Suatu malam, seorang pemuda mengambil pisau. Dibelahlah langit yang hitam berhiaskan butir-butir bintang yang disatukan rasi-rasi yang membingungkan. Langit yang lebih mirip jenang bertabur wijen itu menarik selera makannya, satu garis lebih maju dari biasanya. Dipotongnya menjadi segi empat, lalu dimasukkan dalam sebuah amplop untuk dihadiahkan pada kekasihnya yang hendak menikah.
***
Ada yang selalu gelap dari malam, kenangan yang berulang akan keindahan yang tak mungkin diulang. Dia jadi teringat pada jenang yang pertama kali diberikan oleh kekasihnya. Jenang yang selama seminggu tak kunjung dia makan, lantaran takut akan ada yang hilang. Bagian kecil dari potongan rindu yang tak kan bisa dikembalikan. Namun di hari ke tujuh, jenang itu berakhir dengan malang di perut sang pemuda. Kala dia sama sekali tak memegang uang, dan di meja kerjanya tak ada makanan apapun yang bisa dimakan kecuali jenang. Dia hanya berkeyakinan bahwa jenang itu akan diserap sarinya oleh tubuh, dan dia akan mengurung potongan rindu itu selamanya.

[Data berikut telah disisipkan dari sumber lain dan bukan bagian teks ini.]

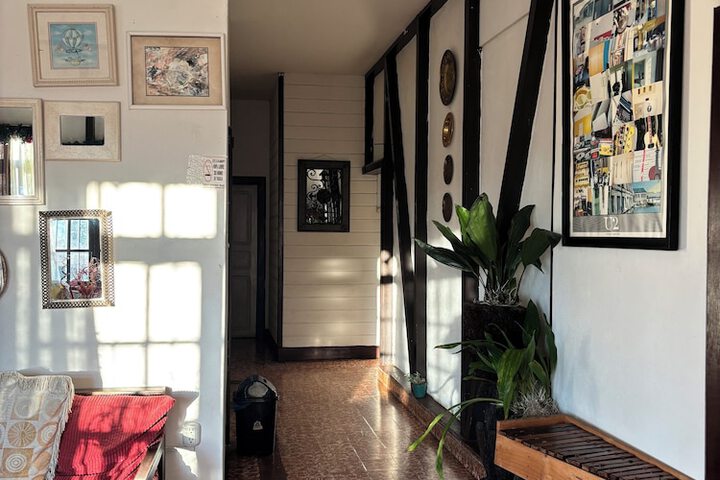 Room 48 of 71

Dia lupa kalau ada yang tak abadi. Konon rindu itu abadi, dan cinta itu kekal, hanya saja perasaan manusia bak air laut, yang punya masa pasang surut. Pun dengan sepasang kekasih yang disatukan jenang di suatu siang itu. Selalu ada gravitasi lain, sehingga terjadi pasang surut, dan selalu ada gaya kehendak Tuhan yang tak bisa kita tuntut.
Tuhan selalu punya kehendak mutlak, dia pernah belajar akan hal itu, tapi dia terlalu yakin bahwa jenang telah melekatkan dia dengan kekasihnya. Dan dia ingat sebuah qaidah ushul fikih bahwa "keyakinan tak akan hilang oleh keraguan". Keyakinan yang akhirnya kalah oleh kenyataan.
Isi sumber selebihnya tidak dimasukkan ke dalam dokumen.